**YOUR TASK**
Could you retype exactly the line containing "Sweet And Certain" and every line after it in the data below, leaving out the pictures?

**DATA BLOCK**
◇ ◇ ◇ ◇

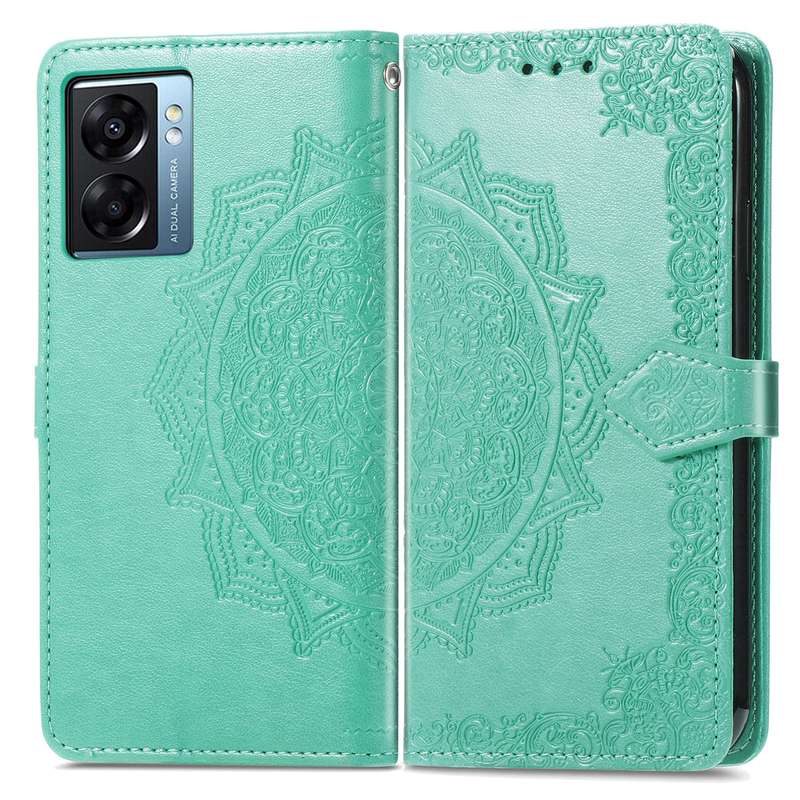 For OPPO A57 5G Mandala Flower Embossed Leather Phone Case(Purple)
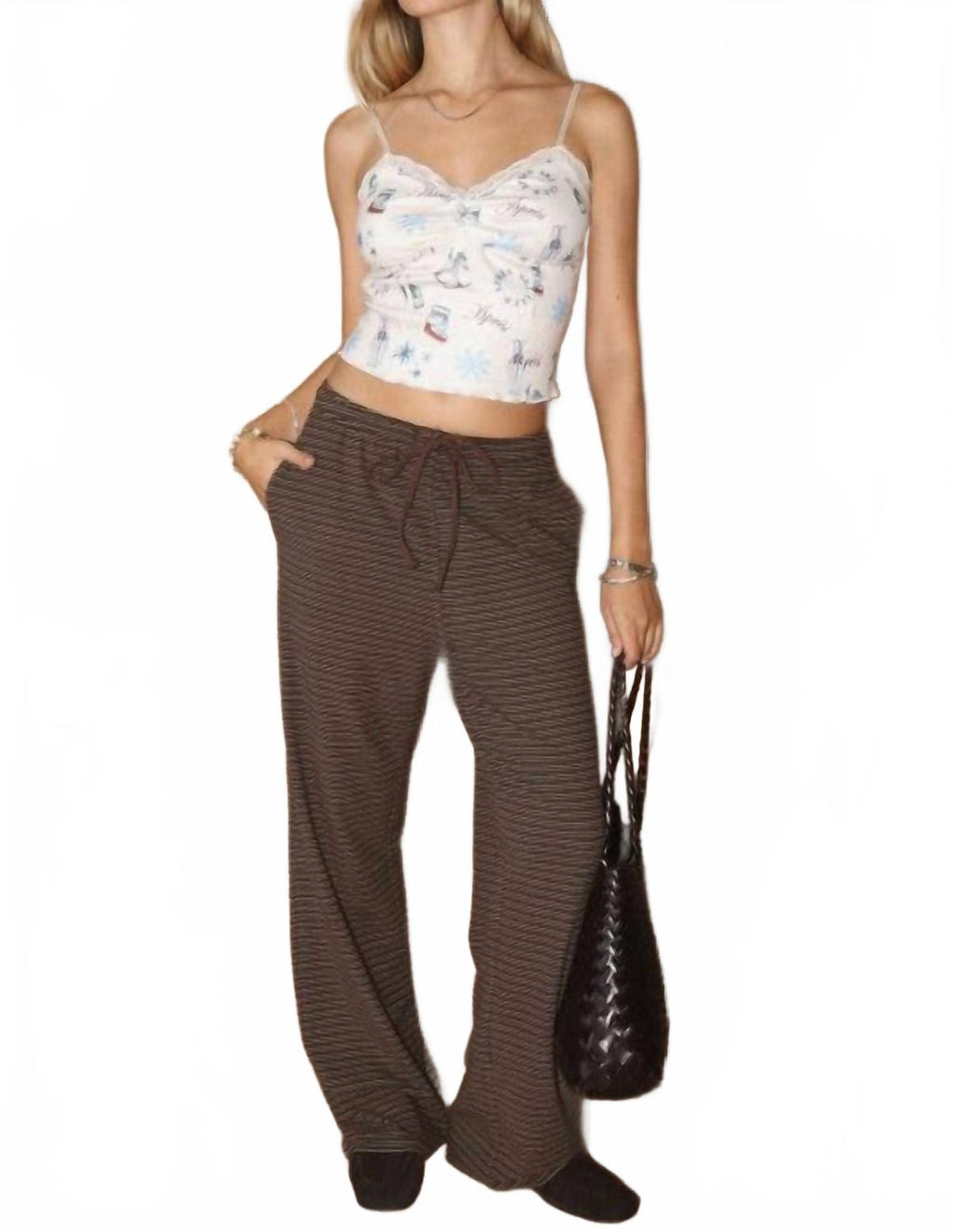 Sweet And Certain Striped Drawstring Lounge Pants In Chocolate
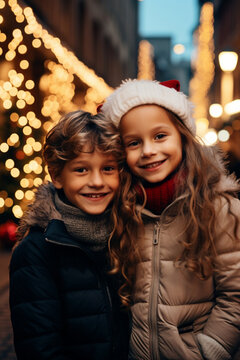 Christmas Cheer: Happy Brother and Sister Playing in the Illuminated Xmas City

◇ ◇ ◇ ◇

**SOLUTION TO THE EXERCISE**
 Sweet And Certain Striped Drawstring Lounge Pants In Chocolate
 Christmas Cheer: Happy Brother and Sister Playing in the Illuminated Xmas City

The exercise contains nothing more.